━━━━━ Dataset extract ━━━━━

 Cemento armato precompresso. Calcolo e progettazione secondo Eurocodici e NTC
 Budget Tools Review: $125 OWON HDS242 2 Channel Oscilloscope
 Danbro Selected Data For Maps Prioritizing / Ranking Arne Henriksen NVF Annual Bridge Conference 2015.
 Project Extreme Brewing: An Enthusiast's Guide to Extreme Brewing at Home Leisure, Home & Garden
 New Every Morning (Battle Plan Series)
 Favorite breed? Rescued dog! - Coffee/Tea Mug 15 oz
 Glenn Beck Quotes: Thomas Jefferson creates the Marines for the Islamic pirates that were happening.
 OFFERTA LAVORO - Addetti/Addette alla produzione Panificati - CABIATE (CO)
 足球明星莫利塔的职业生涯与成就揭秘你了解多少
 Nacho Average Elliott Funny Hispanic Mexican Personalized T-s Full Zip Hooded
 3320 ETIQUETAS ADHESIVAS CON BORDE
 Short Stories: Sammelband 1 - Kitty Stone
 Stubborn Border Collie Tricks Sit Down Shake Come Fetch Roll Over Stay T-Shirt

━━━━━

What is being asked: Could you please retype the lines from the start of the data through the line with "足球明星莫利塔的职业生涯与成就揭秘你了解多少", both included, and nothing else?

Written response:
 Cemento armato precompresso. Calcolo e progettazione secondo Eurocodici e NTC
 Budget Tools Review: $125 OWON HDS242 2 Channel Oscilloscope
 Danbro Selected Data For Maps Prioritizing / Ranking Arne Henriksen NVF Annual Bridge Conference 2015.
 Project Extreme Brewing: An Enthusiast's Guide to Extreme Brewing at Home Leisure, Home & Garden
 New Every Morning (Battle Plan Series)
 Favorite breed? Rescued dog! - Coffee/Tea Mug 15 oz
 Glenn Beck Quotes: Thomas Jefferson creates the Marines for the Islamic pirates that were happening.
 OFFERTA LAVORO - Addetti/Addette alla produzione Panificati - CABIATE (CO)
 足球明星莫利塔的职业生涯与成就揭秘你了解多少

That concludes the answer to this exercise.